I should not have played those old cassette tapes I uncovered.

After Melinda passed away, I inherited the house. I knew my way in and out with this thick, beautiful cottage in the woods with the outstanding personality – I had spent much of my life here, learning about the land and helping Mindy whenever possible. She hadn’t wanted much help when she was alive, but her forgetfulness kept her from doing the things she loved most and I watched her fade away into a person I barely even knew.

When the Alzheimer’s was at its worst, she retreated to her bedroom a lot where she would spend a lot of time doing the things she loved most, if she could remember. Her knitting and crochet were failing; little snippets of things she worked on would stay snippets instead of becoming beautiful blankets or sweaters for the great grandkids. She looked helpless and I knew she felt helpless as well, but there was little I could do for her than be there for moral support.

When Mindy was gone, I left her stuff exactly where it belonged. It felt like she had never really left. Many mornings I woke up, stretched, and walked down the hall to the lack in the smell of her typical breakfast, went in the kitchen to check on her, only to realize that she had never made it back.

She was gone. So I’d pour a bowl of my plain old cereal again and I’d sit there and think about how much sweeter breakfast would be if she were sitting across the table from me, ranting and raving about things she heard on the news channel that morning before I even had the thought of waking up. Mindy had always been on it. How was I supposed to live without her constantly guiding me in the right direction?

It wasn’t until she had been gone for quite some time that I faced my demons and realized that there was no way my Mindy was coming back. And that holding onto things, keeping them precisely as they were, wasn’t healthy. A thin layer of dust was holding onto everything in her bedroom, as it had been left untouched for the good year that she no longer inhabited the room.

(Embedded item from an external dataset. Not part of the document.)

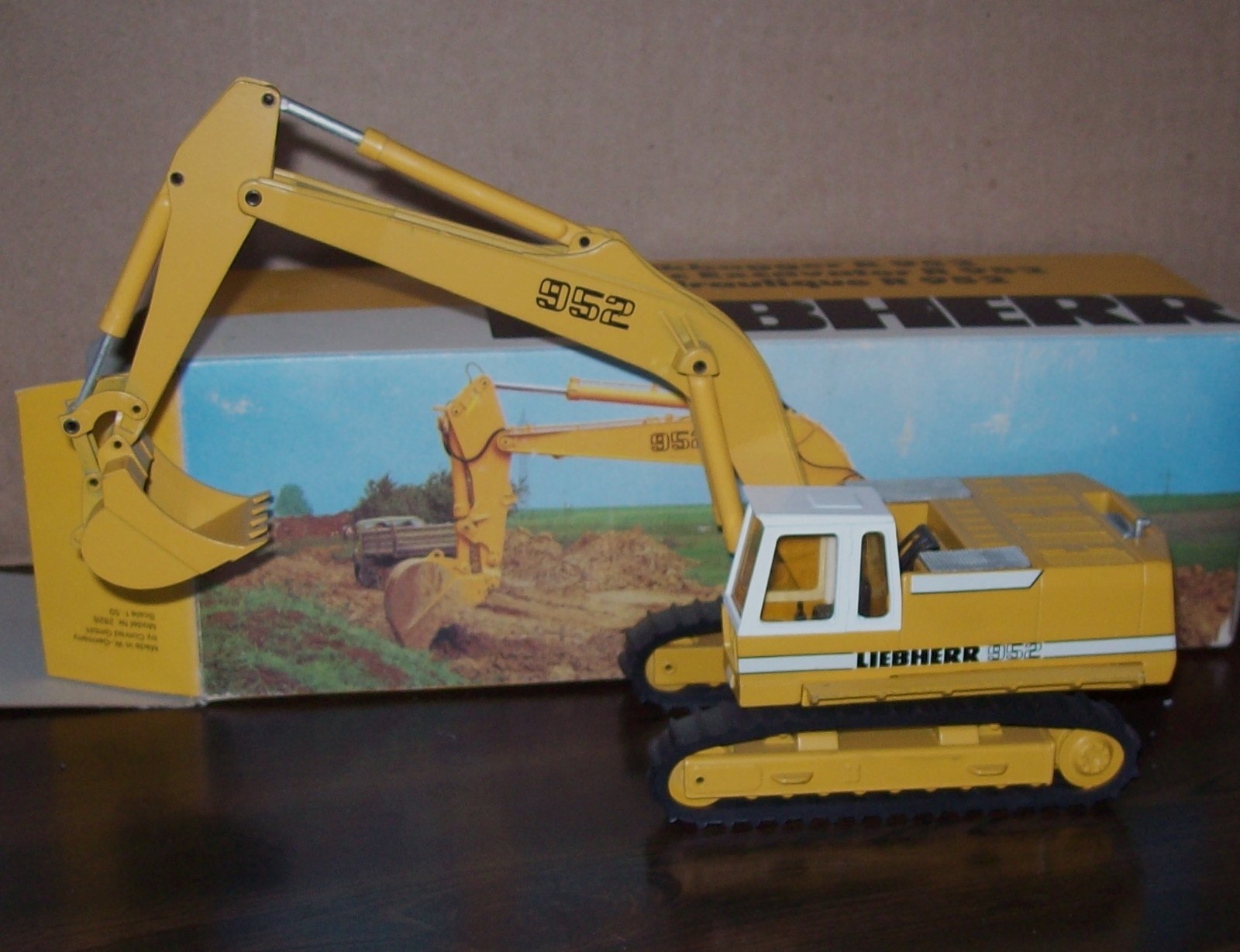 1:50 LIEBHERR R 952 HYDRAULIC EXCAVATOR by CONRAD GERMANY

I took that old Swiffer that she used to use for everything in God’s creation and started dusting the room in entirety, being careful not to mess up her salt and pepper shaker collection or the multiple ceramic cats she had sitting around to keep her company. I ransacked her desk, making sure to move and then replace all the short stories and poems she had written right where they belonged. I moved onto the drawers, pulling each one out carefully. They all sat open as I stared in shock and amazement.

There were dozens and dozens of tapes inside each of the drawers, each labeled with a corresponding number in an order that was easy to pick up on. Mindy had a tape recorder, but all these tapes? When did she find the time? Had she unknowingly recorded herself in her later years, reading poems to herself for sake of holding onto the memories of the wonderful pieces and excerpts she wrote? But I had never heard her in this lonely room.

She had to have found the perfect time and just sat for hours, conducting the great things I may find on these tapes. I pulled out the tape recorder in the left top drawer, exactly where I knew she always kept one of her most prized possessions. And I clicked on the first tape, labeled “1.”

“I’ve never done this before,” Mindy’s never-before-heard tape-recorded voice came through the player and straight into my ears like a humming melody from Heaven itself.

“I guess that’s a silly thing to say seeing as I’ve been writing my entire life, but nobody ever asked me to read any of my work aloud, and I certainly haven’t. Maybe it’s the way I think I sound on tape.” She laughed at herself as if she had committed some crime. She was embarrassed and awkward, withheld, but gorgeous nonetheless. I could picture her lovely face as she spoke, probably blushing.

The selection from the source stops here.